(Scraped caption text data)
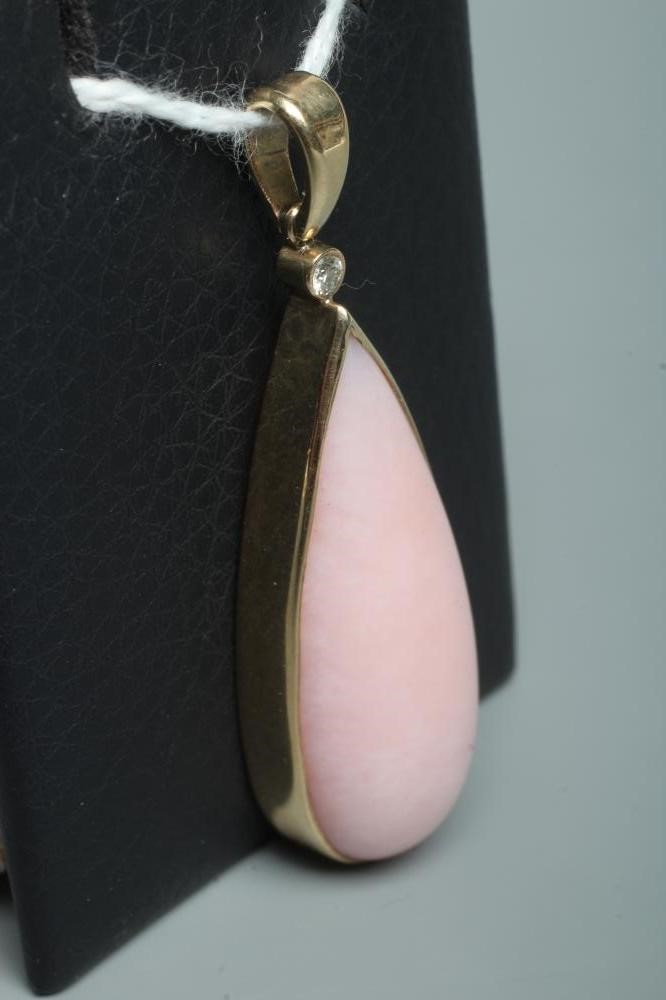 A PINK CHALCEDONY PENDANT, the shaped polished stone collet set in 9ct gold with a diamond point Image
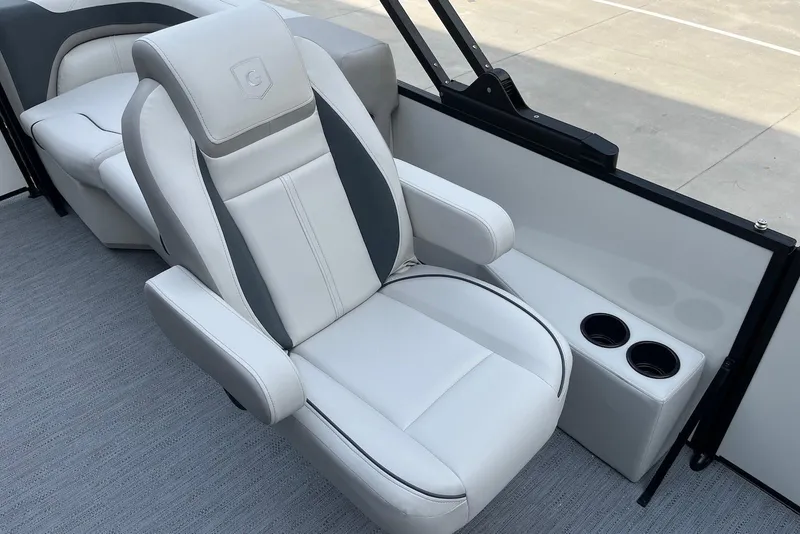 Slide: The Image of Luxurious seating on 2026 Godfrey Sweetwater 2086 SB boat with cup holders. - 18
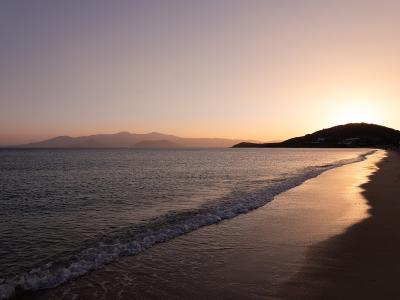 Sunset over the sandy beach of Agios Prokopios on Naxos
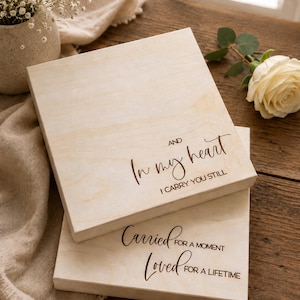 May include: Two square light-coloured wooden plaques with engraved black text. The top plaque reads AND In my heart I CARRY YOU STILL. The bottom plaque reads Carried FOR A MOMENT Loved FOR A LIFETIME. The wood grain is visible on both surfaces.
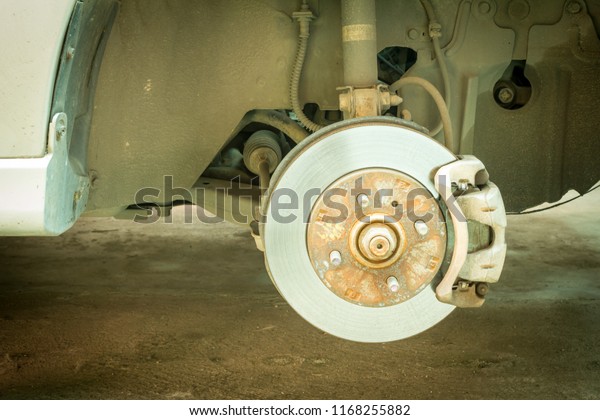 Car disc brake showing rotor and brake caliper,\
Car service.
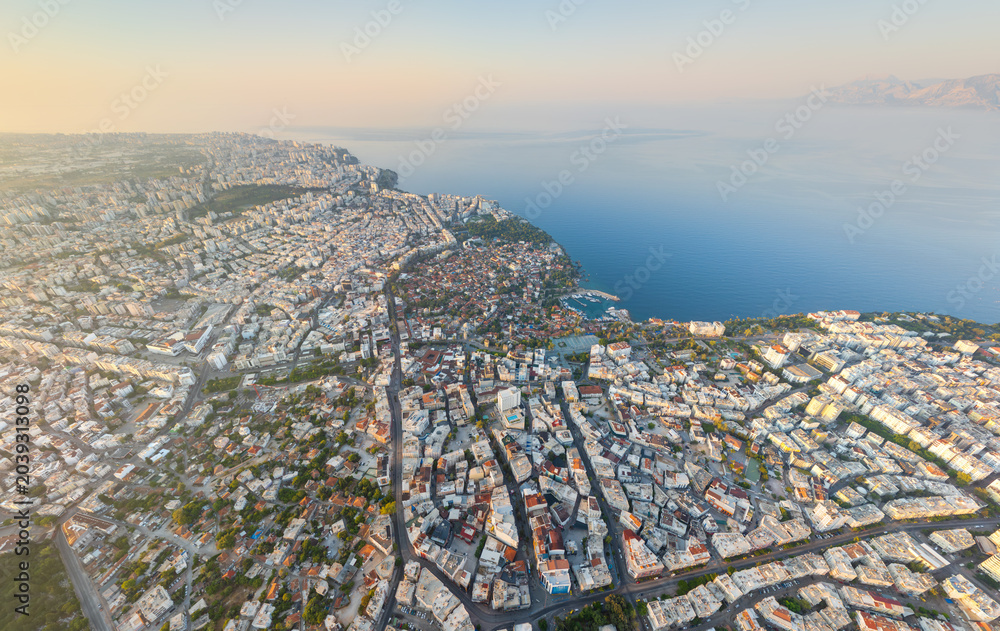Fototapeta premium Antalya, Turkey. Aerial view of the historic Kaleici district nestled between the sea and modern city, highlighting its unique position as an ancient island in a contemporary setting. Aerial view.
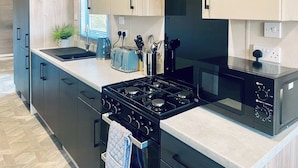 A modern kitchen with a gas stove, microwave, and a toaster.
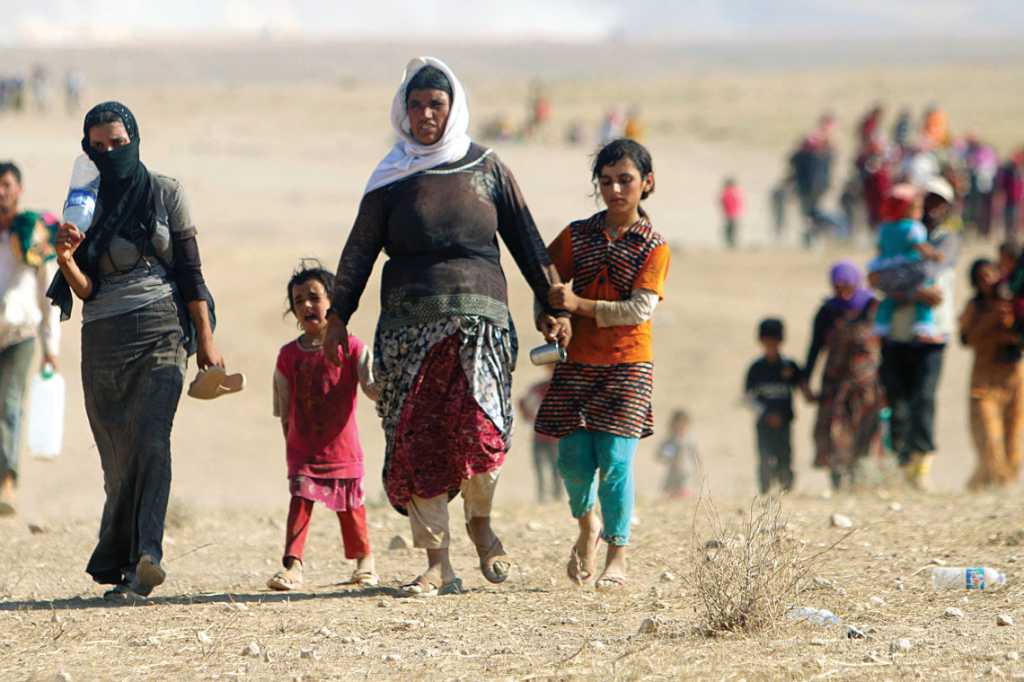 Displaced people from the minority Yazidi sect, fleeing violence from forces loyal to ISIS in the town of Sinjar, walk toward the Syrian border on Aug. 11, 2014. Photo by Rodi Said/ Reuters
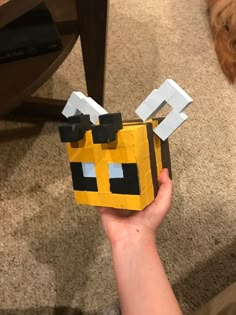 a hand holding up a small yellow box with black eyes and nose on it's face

→ What to work on
Pictures don't belong in the copy. Transcribe every record exactly as it appears.

→ Response to the exercise
 A PINK CHALCEDONY PENDANT, the shaped polished stone collet set in 9ct gold with a diamond point Image
 Slide: The Image of Luxurious seating on 2026 Godfrey Sweetwater 2086 SB boat with cup holders. - 18
 Sunset over the sandy beach of Agios Prokopios on Naxos
 May include: Two square light-coloured wooden plaques with engraved black text. The top plaque reads AND In my heart I CARRY YOU STILL. The bottom plaque reads Carried FOR A MOMENT Loved FOR A LIFETIME. The wood grain is visible on both surfaces.
 Car disc brake showing rotor and brake caliper,\
Car service.
Fototapeta premium Antalya, Turkey. Aerial view of the historic Kaleici district nestled between the sea and modern city, highlighting its unique position as an ancient island in a contemporary setting. Aerial view.
 A modern kitchen with a gas stove, microwave, and a toaster.
 Displaced people from the minority Yazidi sect, fleeing violence from forces loyal to ISIS in the town of Sinjar, walk toward the Syrian border on Aug. 11, 2014. Photo by Rodi Said/ Reuters
 a hand holding up a small yellow box with black eyes and nose on it's face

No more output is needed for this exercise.